Klub Godin, Londyn A.D 2034
Sobota, 16 lipca, godzina 23:48
Światła, lasery, dym spod sceny mieszany z oparami kanalizacji. Muzyka napierdalała strasznie, drgając blaszanymi ścianami, podestem. Tłum ludzi, irokezy po sufit, cycki na wierzchu, orgie w vipowskich lożach. Kelnerki na wielkich koturnach, w skórzanych płaszczach roznosiły co lepszym gościom drinki. Podszedłem do baru rozświetlonego całym ubiorowym pierdolstwem „ Świecących”. Była to mała grupka imigrantów, jeden żółty, drugi różowy, a ten ostatni ogóle jakiś dziwny, z powykręcanym ryjem. Ale, świeci się, okulary fajne ma, gnata przy pasku nosi, więc nie pości zbytnio. Biegają głównie po byłym Hounslow, sprzedają antyki fanatykom przeszłości. Ale nic poza tym, nie stanowią zagrożenia dopóki zna się ich zasady. A zasada jest jedna. Nie przeszkadzać. Jednemu raz pomogłem na studiach, nie miał czasu się uczyć, mówił że robota jakaś albo coś. Zrobiłem za niego projekt, teraz mamy powiedzmy że sztamę. Poczułem silne zwarcie w uchu. Mówiłem, choć tego nie słyszałem.

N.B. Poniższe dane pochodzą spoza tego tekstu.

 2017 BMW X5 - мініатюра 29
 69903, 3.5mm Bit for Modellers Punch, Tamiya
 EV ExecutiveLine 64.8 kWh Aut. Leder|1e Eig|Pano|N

– Mikey? Pieprzyliśmy się tamtej nocy.
– Co? Jak to?!
Muzyka ucichła, wszyscy stanęli i patrzyli na mnie, krzyczącego na swoją obrzękniętą jak mogłoby się wydawać rękę.

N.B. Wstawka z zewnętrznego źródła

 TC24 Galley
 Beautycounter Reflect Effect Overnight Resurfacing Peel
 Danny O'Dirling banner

Kawalerka Martina, dzień wcześniej
– Ale oldschool! Divynyls – I Touch Myself!
I love myself I want you to love me
When I feel down I want you above me
I search myself I want you to find me
I forget myself I want you to remind me
– Hej Martin…
– O kurwa… Maggie, moja najdroższa. Jak się miewasz? Heh.

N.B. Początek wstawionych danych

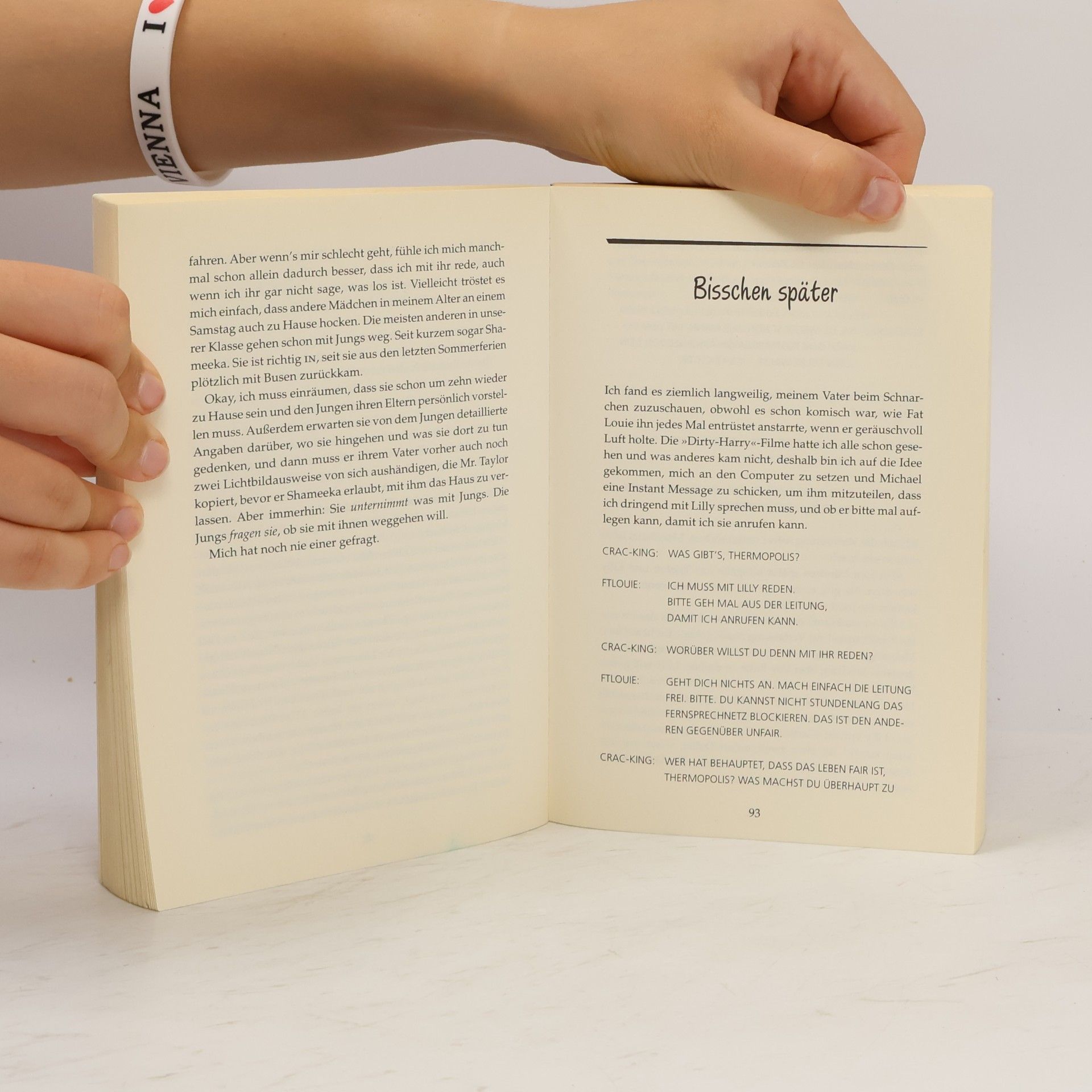 Meg Cabot Plötzlich Prinzessin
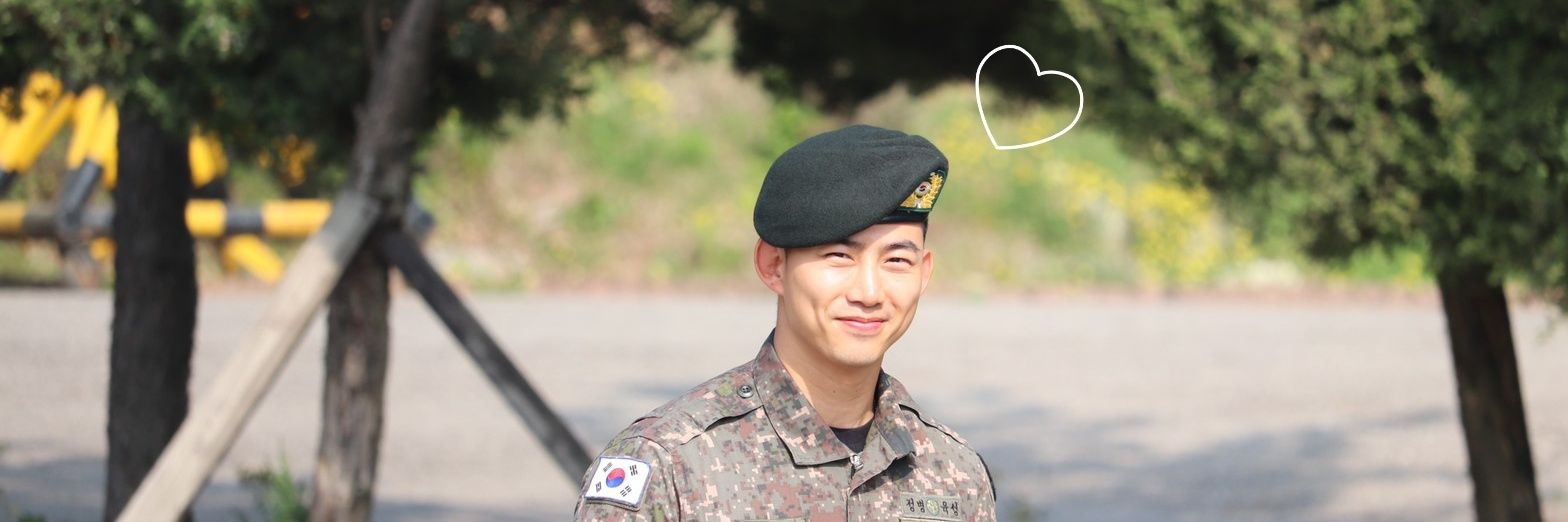TaecMi's profile banner image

– Dobrze, Martin. Dziękuje. Woaah, co to?
– Wygrałem…
Wyszeptałem z dumą. Kula, a w niej laser odbijający się we wszystkich kierunkach budował świetny nastrój. Zgasiłem światło, podszedłem do niej, objąłem z tyłu, pocałowałem. Odwróciła się, założyła ręce na szyję, również odwdzięczyła się pocałunkiem. Szybko przenieśliśmy się na łóżko. Ręka na piersi, nogi splątane. Po chwili byliśmy już nadzy.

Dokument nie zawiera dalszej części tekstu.